Title: Finding God for Yourself

The last time we studied Jacob’s life we saw him doing one of the most despicable things a man can do.

He did it at the request of his mother.

You know, sometimes people excuse themselves for being mean by saying it was because their mother didn’t love them when they were little.

Believe me, Jacob couldn’t say that.

Jacob was loved and spoiled.

However, when he was asked to do something that was not the honorable thing to do, he did it.

He stole the birthright from his brother even though the birthright was already his.

The formality of his father giving a blessing wasn’t necessary at all.

Abraham hadn’t given the blessing to Isaac—God had!

And it is God who gave it to Jacob.

His trickery was not only unnecessary, but God will deal with him because of it, you can be sure of that.

It is because of this trickery that his brother hates him, so his mother conceives a plan to save him from his brother’s wrath.

The plan that Rebekah has now thought of is plausible and logical.

It was probably the right thing to do in this case.

She didn’t mention to Isaac that she wanted to send Jacob to her brother so that he would get away from the wrath of his brother Esau, but she did mention the fact that he could choose a wife back there from among her family.

Isaac liked the idea, so we read…

Then Isaac called Jacob and blessed him, and charged him, and said to him: “You shall not take a wife from the daughters of Canaan.”

All the way through the Old Testament we find that God does not want the godly to marry with the ungodly.

And the New Testament tells Christians that they are not to be unequally yoked.

For example, it says in 2 Corinthians, “Do not be unequally yoked together with unbelievers. For what fellowship has righteousness with lawlessness? And what communion has light with darkness?”

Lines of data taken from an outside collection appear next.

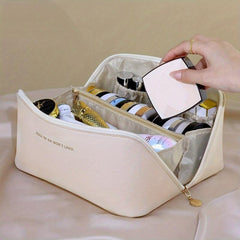 Solid Foldable Pillow Makeup Bag PU Small Toiletry Bag Waterproof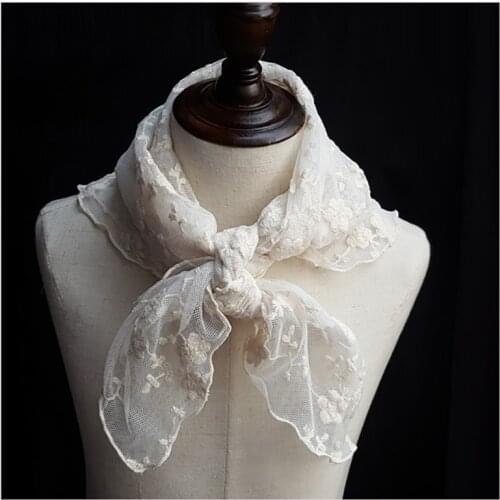 Gothic Lace Flower Embroidery Scarf Lolita Princess Lace Sweet Square Scarf Female Head Neck Bandana Scarves Neckerchiefs Sjaal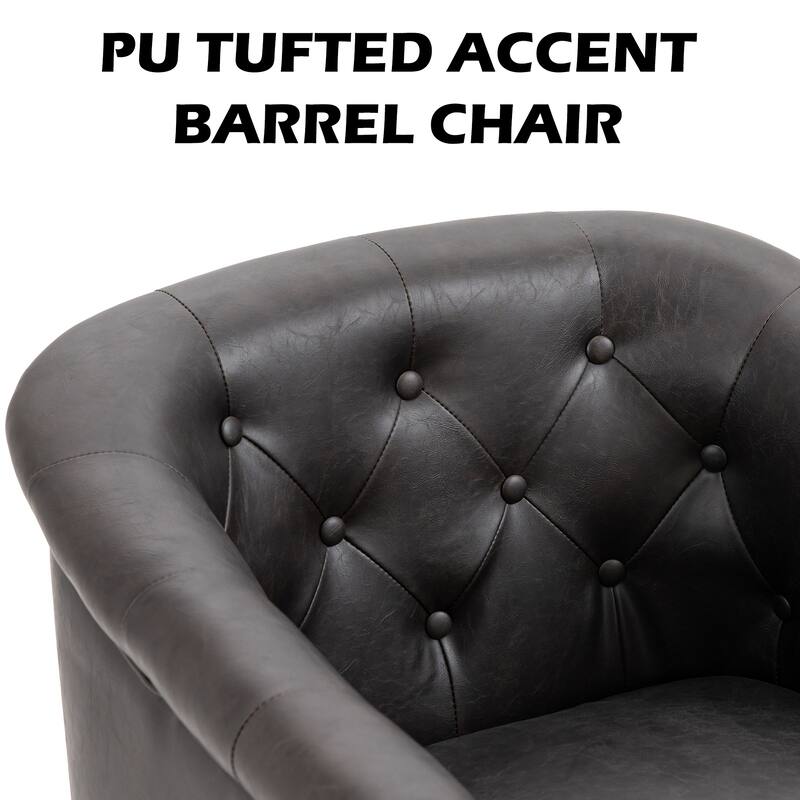 Modern PU Leather Armchair Tufted Accent Chair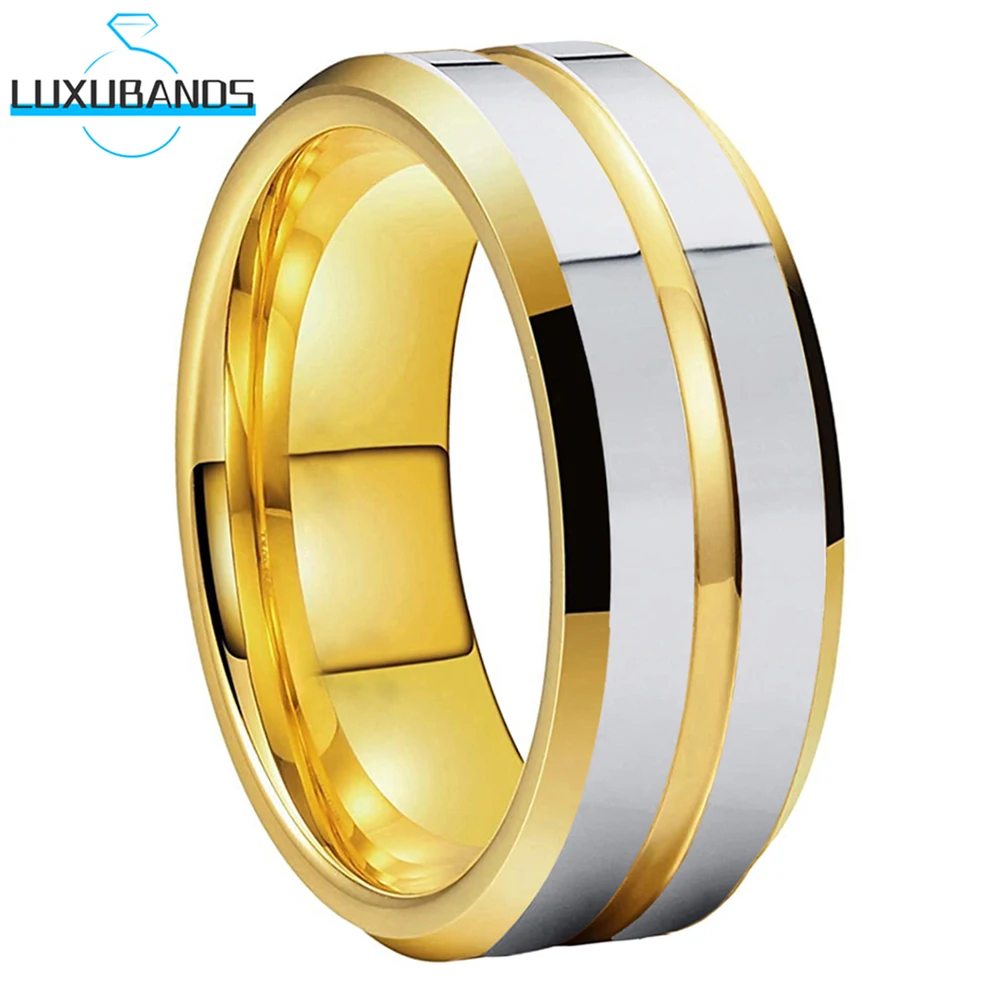 

Мужское кольцо из вольфрама с рифлеными краями, 8 мм, 6 мм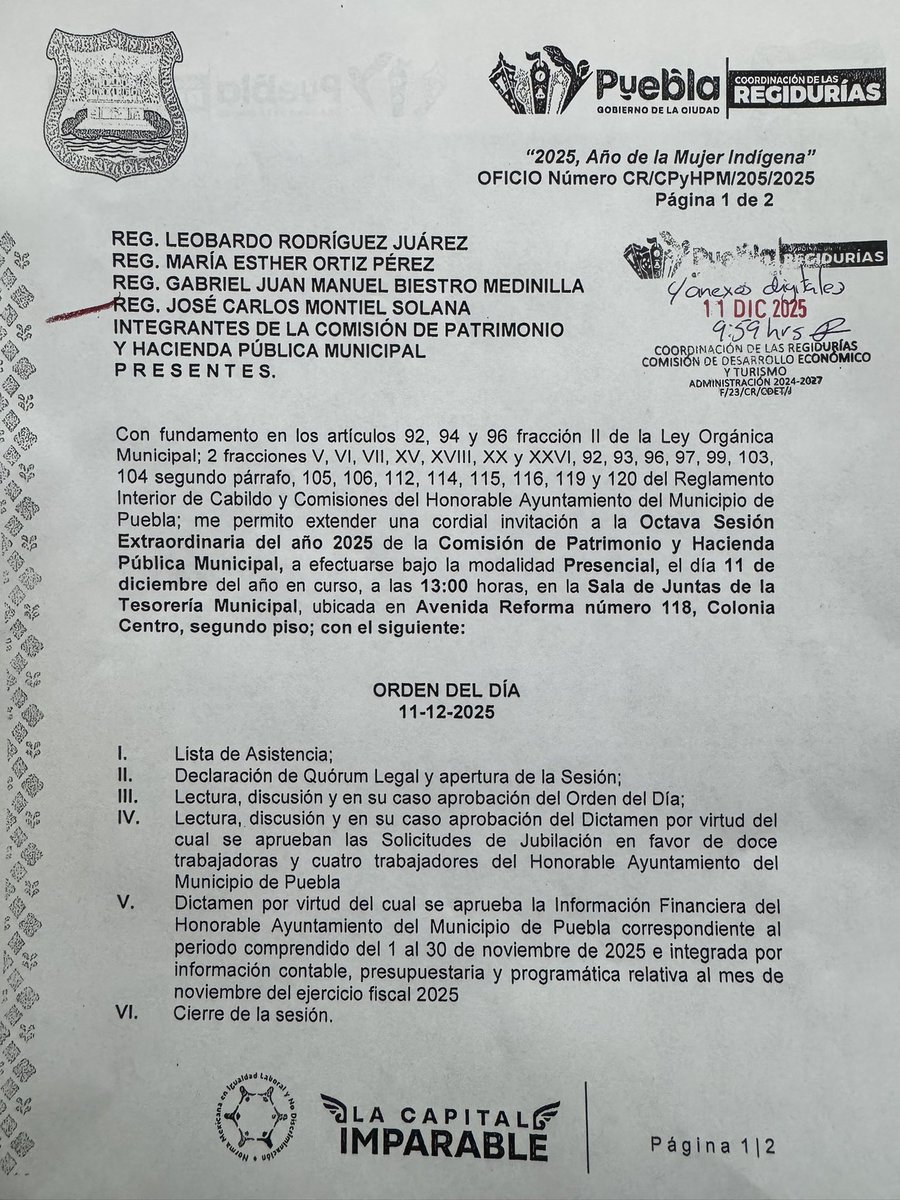 ¡Increíble! En estos momentos se nos convoca a las 13:00 hrs a sesión extraordinaria de la Comisión de Patrimonio y Hacienda para aprobar estados financieros del <a href="/PueblaAyto/">Puebla Gobierno de la Ciudad</a>. Por qué la premura? Acaso quieren ocultar algo o por qué evitar el análisis detallado? Muy mal…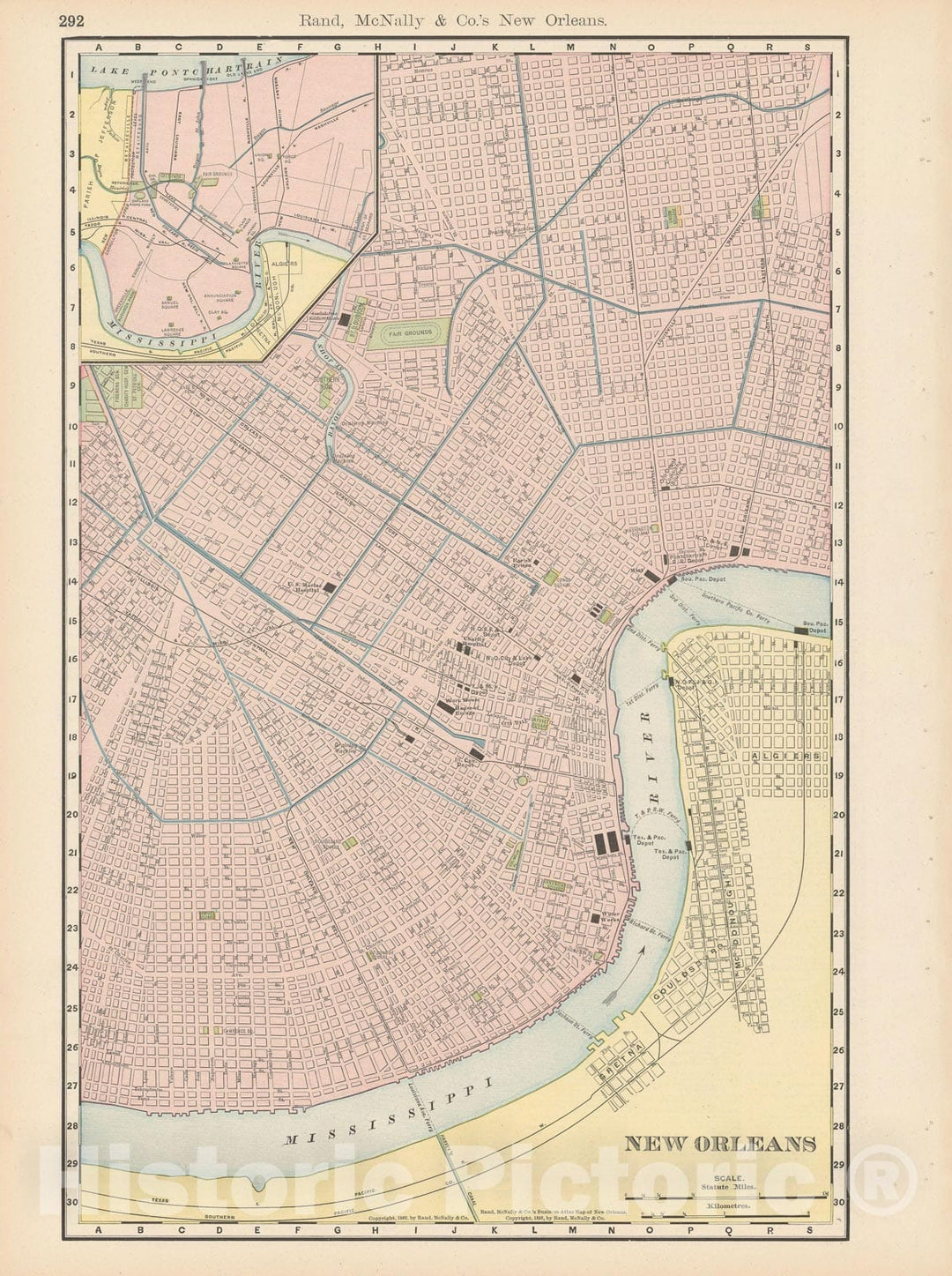 Historic Map : New Orleans 1903 , Rand McNally Business Atlas , Vintage Wall Art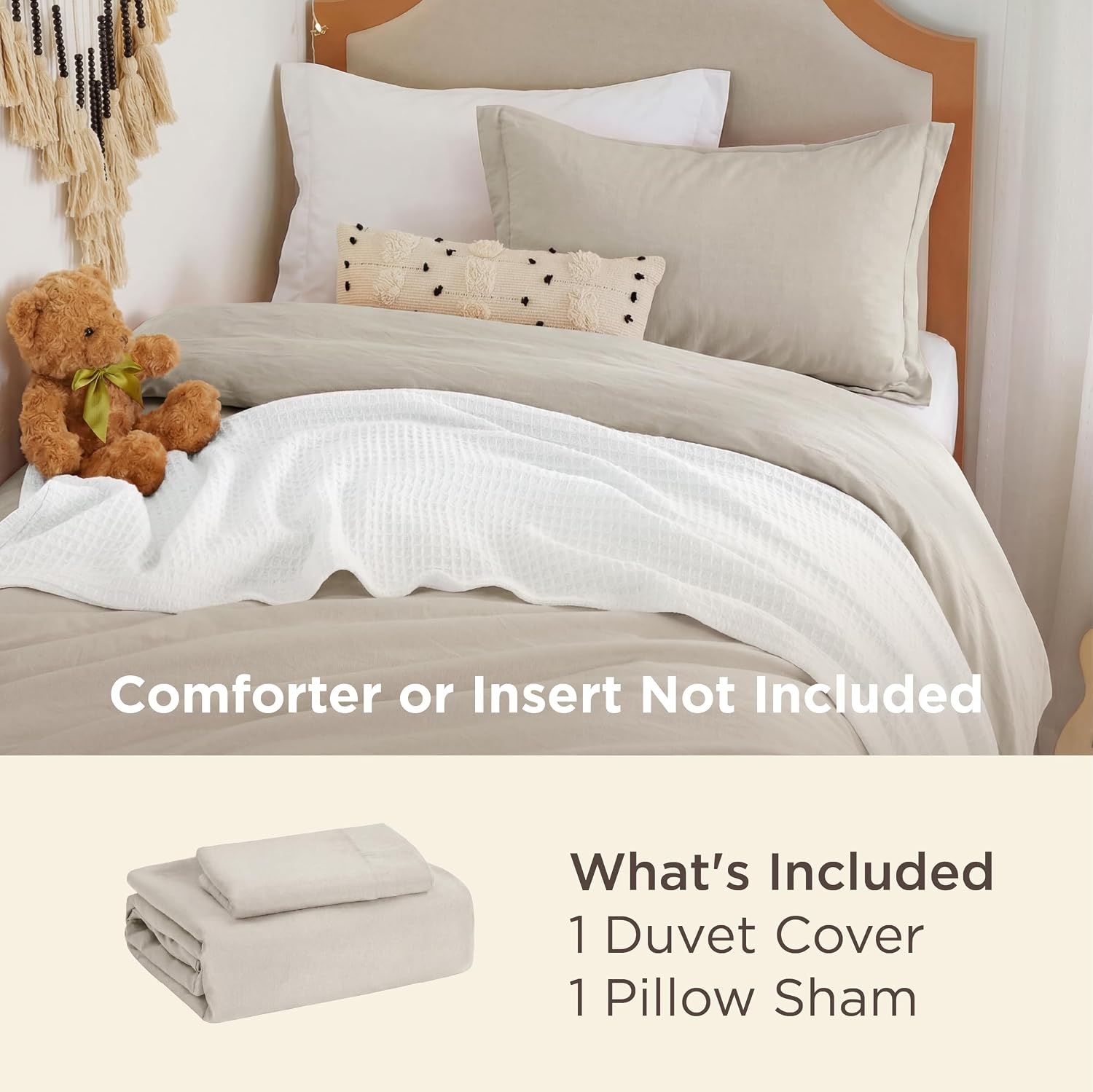 image:imageBedsure Tan Gingham Ruffle Duvet Cover SetVintage Farmhouse Bedding Queen02 Linen No Comforter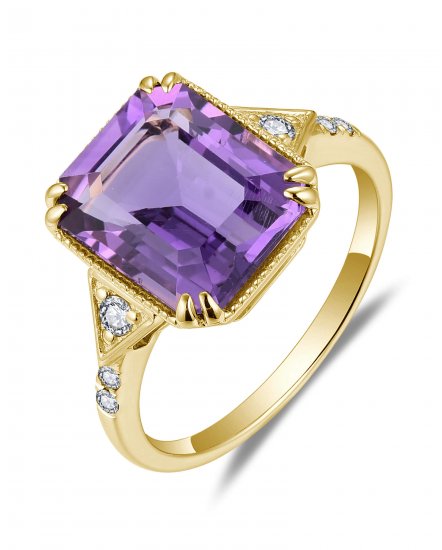 EMERALD CUT AMETHYST DIAMOND RING (TR5869)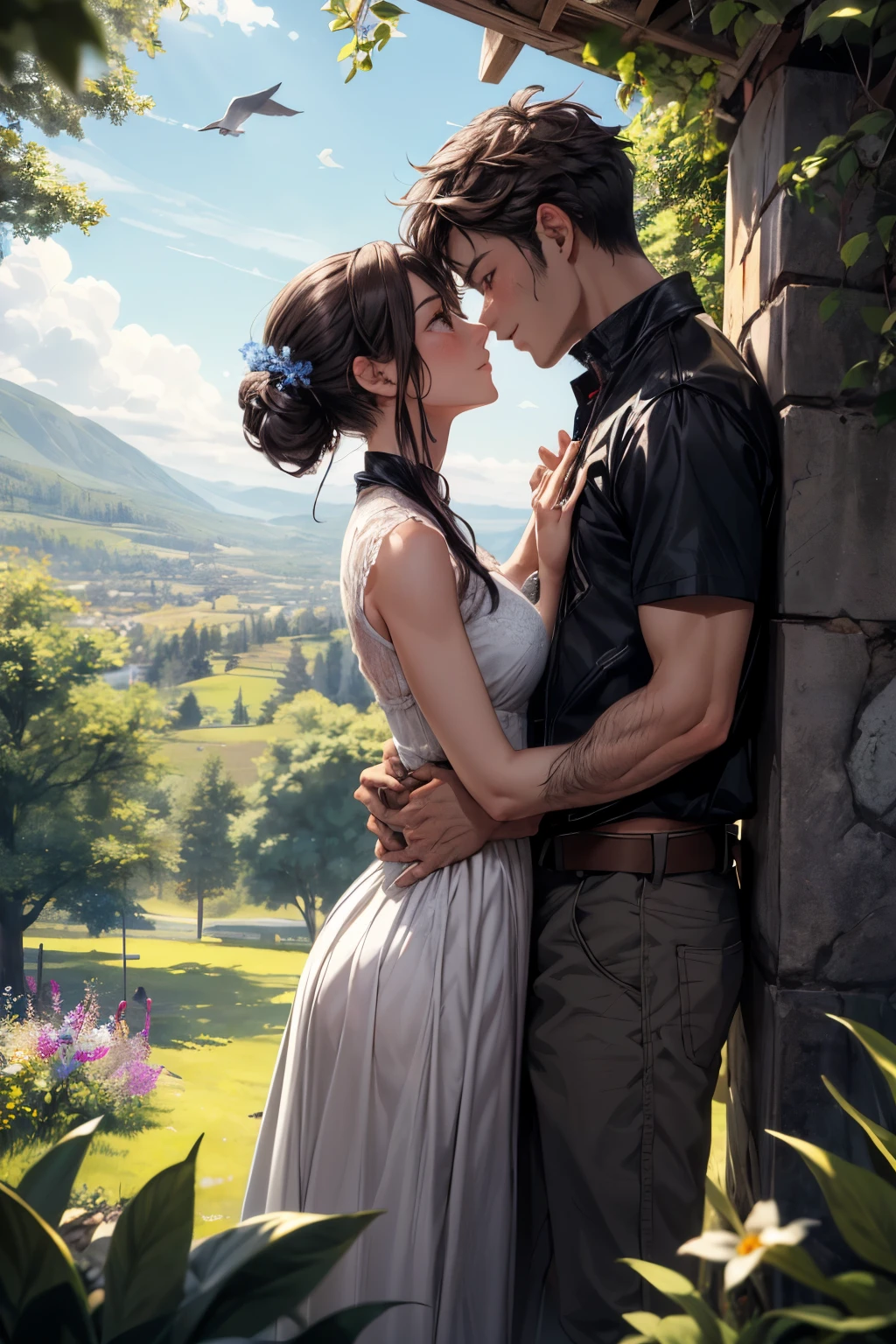 ((best quality)), ((masterpiece)), (detailed),(perfect face),An image depicting a teenage boy and girl standing together in a lush green landscape under a clear blue sky. The boy and girl are close to each other, their arms intertwined or hands gently clasped. They have affectionate expressions, perhaps gazing into each other's eyes or sharing a tender moment. The surrounding nature is vibrant and abundant, with tall trees, colorful flowers, and rolling hills. Birds may be seen flying overhead, and a gentle breeze rustles the leaves, adding to the sense of serenity and romance.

Intermarriage between believers and unbelievers is something that God strictly forbids.

Then Isaac said to Jacob…

Arise, go to Padan Aram, to the house of Bethuel your mother’s father; and take yourself a wife from there of the daughters of Laban your mother’s brother. “May God Almighty bless you, And make you fruitful and multiply you, That you may be an assembly of peoples; And give you the blessing of Abraham, To you and your descendants with you, That you may inherit the land In which you are a stranger, Which God gave to Abraham.”

It is obvious now that Isaac understands that God had given the blessing to Abraham, that God had transferred it to him, and that the blessing is to be passed on to his son, Jacob.

So Isaac sent Jacob away, and he went to Padan Aram, to Laban the son of Bethuel the Syrian, the brother of Rebekah, the mother of Jacob and Esau. Esau saw that Isaac had blessed Jacob and sent him away to Padan Aram to take himself a wife from there, and that as he blessed him he gave him a charge, saying, “You shall not take a wife from the daughters of Canaan,” and that Jacob had obeyed his father and his mother and had gone to Padan Aram. Also Esau saw that the daughters of Canaan did not please his father Isaac. So Esau went to Ishmael and took Mahalath the daughter of Ishmael, Abraham’s son, the sister of Nebajoth, to be his wife in addition to the wives he had.

Esau goes and marries a daughter of Ishmael.

He thinks it will please his father.

But now let’s see how Jacob is doing.

Now Jacob went out from Beersheba and went toward Haran. So he came to a certain place and stayed there all night, because the sun had set. And he took one of the stones of that place and put it at his head, and he lay down in that place to sleep.

The place he has come to is Bethel.

The name literally means, “the House of God.”

Bethel is twelve miles north of Jerusalem and the home which Jacob left was probably twenty-five or thirty miles south of Jerusalem.

This means that Jacob covered at least forty miles that first day.

You can see that he was really hotfooting it away from Esau.

He wants to get as far from him as he can, but the farther he gets away from Esau, the farther he gets away from home.

Jacob is a man now, a pretty big boy, but I think he is homesick.

This is the first time he is away from Rebekah.

He has been tied to his mama’s apron strings all of his life, and now he is untied.